Chris Englehart is En Fuego

Quick, who is the hottest trainer in the world right now? If you have not yet heard of trainer Chris Englehart, you have missed out on bunches of winners recently at the Big A.  Yesterday, he ran his consecutive winning streak at Aqueduct to seven, as Isn’t She Grand and Furhlang won in consecutive races.  Englehart, began his amazing streak with a 3 for 3 afternoon on Thursday, and followed that up with one winner on both Friday and Saturday.
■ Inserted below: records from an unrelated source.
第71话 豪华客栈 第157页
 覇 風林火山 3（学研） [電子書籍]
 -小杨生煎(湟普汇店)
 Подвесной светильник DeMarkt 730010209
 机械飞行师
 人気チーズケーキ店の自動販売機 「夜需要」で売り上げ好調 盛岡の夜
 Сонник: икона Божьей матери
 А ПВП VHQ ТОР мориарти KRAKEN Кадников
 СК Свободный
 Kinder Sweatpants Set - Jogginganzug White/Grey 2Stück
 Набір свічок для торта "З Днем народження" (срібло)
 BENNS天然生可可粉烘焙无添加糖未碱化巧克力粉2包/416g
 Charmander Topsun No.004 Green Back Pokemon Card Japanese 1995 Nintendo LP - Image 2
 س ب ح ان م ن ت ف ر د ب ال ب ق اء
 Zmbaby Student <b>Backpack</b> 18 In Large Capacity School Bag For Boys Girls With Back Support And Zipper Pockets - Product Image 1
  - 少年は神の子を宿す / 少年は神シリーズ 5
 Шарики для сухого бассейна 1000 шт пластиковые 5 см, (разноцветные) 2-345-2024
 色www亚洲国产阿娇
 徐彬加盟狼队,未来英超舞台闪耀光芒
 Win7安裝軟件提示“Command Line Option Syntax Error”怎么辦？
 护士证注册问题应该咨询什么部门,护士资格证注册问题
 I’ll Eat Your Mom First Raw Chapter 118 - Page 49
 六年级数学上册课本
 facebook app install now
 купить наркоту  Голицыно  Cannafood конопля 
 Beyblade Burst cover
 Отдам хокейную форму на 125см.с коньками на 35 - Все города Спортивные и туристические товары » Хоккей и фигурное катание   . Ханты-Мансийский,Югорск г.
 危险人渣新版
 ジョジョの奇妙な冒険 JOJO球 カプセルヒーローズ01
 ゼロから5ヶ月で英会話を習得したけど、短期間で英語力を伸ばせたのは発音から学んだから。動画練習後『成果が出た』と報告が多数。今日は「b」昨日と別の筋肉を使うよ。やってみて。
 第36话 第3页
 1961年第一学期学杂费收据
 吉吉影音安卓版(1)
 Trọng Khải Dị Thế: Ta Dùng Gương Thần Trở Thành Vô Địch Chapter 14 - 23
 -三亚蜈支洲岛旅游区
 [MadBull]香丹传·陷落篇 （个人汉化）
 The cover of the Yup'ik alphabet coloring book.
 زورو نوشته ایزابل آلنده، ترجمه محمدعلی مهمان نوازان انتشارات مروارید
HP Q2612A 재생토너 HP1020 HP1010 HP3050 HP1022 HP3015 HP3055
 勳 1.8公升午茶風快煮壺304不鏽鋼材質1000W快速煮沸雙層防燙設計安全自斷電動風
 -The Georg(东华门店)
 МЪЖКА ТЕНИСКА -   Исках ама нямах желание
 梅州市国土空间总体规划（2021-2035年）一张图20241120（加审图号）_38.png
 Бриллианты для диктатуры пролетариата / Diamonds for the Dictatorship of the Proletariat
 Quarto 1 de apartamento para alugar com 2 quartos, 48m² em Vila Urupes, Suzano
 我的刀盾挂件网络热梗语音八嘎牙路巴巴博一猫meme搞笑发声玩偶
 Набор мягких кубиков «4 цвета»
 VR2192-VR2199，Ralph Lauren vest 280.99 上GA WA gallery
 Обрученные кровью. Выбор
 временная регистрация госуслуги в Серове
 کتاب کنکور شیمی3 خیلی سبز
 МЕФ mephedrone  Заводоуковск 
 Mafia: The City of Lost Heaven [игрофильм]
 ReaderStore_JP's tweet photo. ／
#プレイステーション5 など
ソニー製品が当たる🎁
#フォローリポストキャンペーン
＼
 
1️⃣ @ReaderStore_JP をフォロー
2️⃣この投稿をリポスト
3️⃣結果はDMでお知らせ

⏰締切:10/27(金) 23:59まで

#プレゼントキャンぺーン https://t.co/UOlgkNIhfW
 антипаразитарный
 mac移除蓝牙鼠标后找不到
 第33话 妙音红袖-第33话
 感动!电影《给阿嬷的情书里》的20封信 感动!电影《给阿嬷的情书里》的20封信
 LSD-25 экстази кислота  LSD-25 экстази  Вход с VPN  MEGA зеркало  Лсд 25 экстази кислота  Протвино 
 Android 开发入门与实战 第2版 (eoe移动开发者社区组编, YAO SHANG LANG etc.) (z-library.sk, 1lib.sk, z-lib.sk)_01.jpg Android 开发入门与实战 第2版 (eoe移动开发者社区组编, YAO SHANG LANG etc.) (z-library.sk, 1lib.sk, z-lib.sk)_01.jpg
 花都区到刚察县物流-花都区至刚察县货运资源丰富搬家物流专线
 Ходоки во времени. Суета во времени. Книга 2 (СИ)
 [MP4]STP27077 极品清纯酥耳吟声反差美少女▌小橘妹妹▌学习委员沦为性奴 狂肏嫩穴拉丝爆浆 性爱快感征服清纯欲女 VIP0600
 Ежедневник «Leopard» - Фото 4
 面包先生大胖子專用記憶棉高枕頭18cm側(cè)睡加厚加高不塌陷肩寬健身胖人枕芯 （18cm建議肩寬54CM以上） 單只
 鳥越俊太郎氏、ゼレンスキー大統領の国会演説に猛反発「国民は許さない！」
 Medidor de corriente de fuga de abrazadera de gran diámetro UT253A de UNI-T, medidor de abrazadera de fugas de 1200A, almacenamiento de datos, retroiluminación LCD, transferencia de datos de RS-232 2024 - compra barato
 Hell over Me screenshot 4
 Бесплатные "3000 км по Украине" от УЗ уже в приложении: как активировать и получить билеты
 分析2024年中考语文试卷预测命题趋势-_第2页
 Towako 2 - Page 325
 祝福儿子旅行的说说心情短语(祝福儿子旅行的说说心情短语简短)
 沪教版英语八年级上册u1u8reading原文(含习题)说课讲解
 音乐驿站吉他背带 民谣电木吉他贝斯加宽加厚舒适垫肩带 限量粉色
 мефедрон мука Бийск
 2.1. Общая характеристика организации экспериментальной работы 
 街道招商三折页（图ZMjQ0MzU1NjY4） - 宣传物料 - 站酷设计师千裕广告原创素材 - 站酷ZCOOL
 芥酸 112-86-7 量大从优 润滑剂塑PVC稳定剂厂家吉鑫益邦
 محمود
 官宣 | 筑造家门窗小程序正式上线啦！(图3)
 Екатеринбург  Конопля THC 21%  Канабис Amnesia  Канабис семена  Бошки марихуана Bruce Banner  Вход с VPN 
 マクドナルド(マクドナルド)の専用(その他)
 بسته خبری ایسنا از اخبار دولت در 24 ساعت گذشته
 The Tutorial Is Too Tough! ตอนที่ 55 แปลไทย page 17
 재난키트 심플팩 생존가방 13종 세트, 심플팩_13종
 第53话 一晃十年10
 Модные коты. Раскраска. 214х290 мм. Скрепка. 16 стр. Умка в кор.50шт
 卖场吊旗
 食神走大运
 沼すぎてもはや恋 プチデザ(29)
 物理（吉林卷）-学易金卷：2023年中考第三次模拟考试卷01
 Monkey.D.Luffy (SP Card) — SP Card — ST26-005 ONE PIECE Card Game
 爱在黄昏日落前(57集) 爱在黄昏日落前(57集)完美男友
The modern day record for consecutive winners at NYRA tracks is believed to be eight, and held by a handful of trainers in the 70’s and 80’s.  The King of Finger Lakes trainers is now 9 for 11 at the Aqueduct Winter meet. 
 
A native of Canandaigua, New York, Englehart took out his training license as a teenager in 1973, and has been training ever since.  A fixture atop the trainer standings at the small upstate New York oval, in 2010, he won his eighth consecutive leading trainer title at Finger Lakes, and his tenth overall.  Besides his ten training titles, Chris is probably best known as the trainer of the top sprinter, Frattare, who became the first locally-based horse to take home the Grade 3 Finger Lakes Breeders’ Cup Sprint back in 1989.  Racing is a family business for the Engleharts, as his brother, Steve, and his son, Jeremiah, also train horses in the region. 
 
Englehart’s recent winning streak comes on the heels of a very difficult time.  In November, he lost four-year-old filly, She’s Smokin Hot, who was euthanized after tests revealed she had equine herpesvirus, a contagious viral disease that leads to respiratory disease and sometimes neurological disease.   Besides losing the filly, Englehart could not run his horses, enduring a three-week quarantine at his barns at Finger Lakes and Belmont Park as well as his farm in Shortsville, New York to prevent the spreading of the disease.  He has come back with a vengence.
 
Today and Tomorrow are dark days at Aqueduct, but Englehart will be back on Wednesday to keep the streak rolling.  He has entered the veteran Who’s the Cowboy in Wednesday’s 5th race, a $35,000 claiming race at six furlongs.  It will be a six-day turnaround for the nine-year-old gelding, who has won 16 times in his career.  Who’s the Cowboy won last Thursday by more than five lengths at odds of 8-1.  The way it has been going for Englehart lately, you would have to love Who’s the Cowboy’s chances to win another.  That would mean Thursday’s 1st race could be the record breaker, as he has Crafty Mark in the day’s opener.  Records are made to be broken.  Good luck Chris Englehart.